Published online by Cambridge University Press: 15 December 2009
The series Cambridge Approaches to Language Contact was set up to publish outstanding monographs on language contact, especially by authors who approach their specific subject matter from a diachronic or developmental perspective. Our goal is to integrate the ever-growing scholarship on language diversification (including the development of creoles, pidgins, and indigenized varieties of colonial European languages), bilingual language development, code-switching, and language endangerment. We hope to provide a select forum to scholars who contribute insightfully to understanding language evolution from an interdisciplinary perspective. We favor approaches that highlight the role of ecology and draw inspiration both from the authors' own fields of specialization and from related research areas in linguistics or other disciplines. Eclecticism is one of our mottoes, as we endeavor to comprehend the complexity of evolutionary processes associated with contact.

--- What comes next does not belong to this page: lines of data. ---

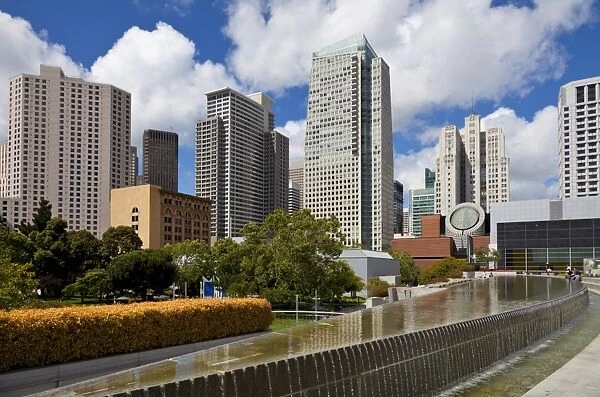 Fountains in the Yerba Buena Gardens, in the shadow of the Financial District towers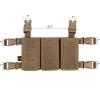 Tactical Triple Mag Pouch,Placard 5.56 Magazine Panel with Insert Set Clip Holder with Hook Backing and Female QASM Buckles. (Coyote Brown) view 2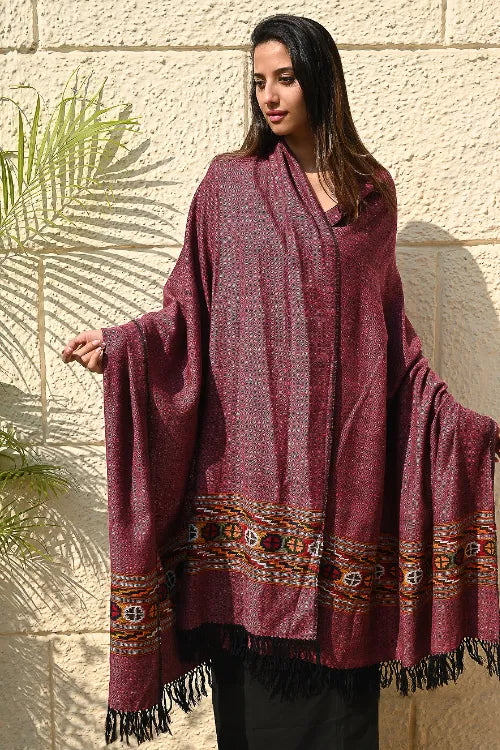 The ICH Exclusive Soft Himachal Wool Shawl With Woven Border - Mulberry Caravan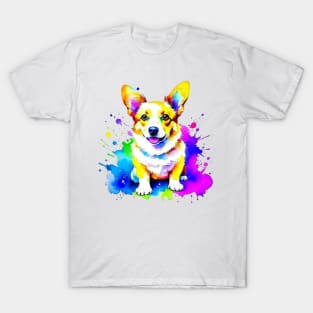 Colorful Corgi Splatter Art - Playful Canine Delight T-Shirt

We are very proud to add to our list Edgar W. Schneider's Postcolonial English: varieties around the world. This is, to my knowledge, the most comprehensive uniformitarian account of how English has spread around the world and diversified into a multitude of varieties (including creoles) thanks both to England's important participation in the European colonization of the world since the seventeenth century and to the American and British leadership role in the recent wave of economic globalization. If the spread of English has before been compared to that of Latin, Schneider has easily produced the only book that makes this comparison obvious.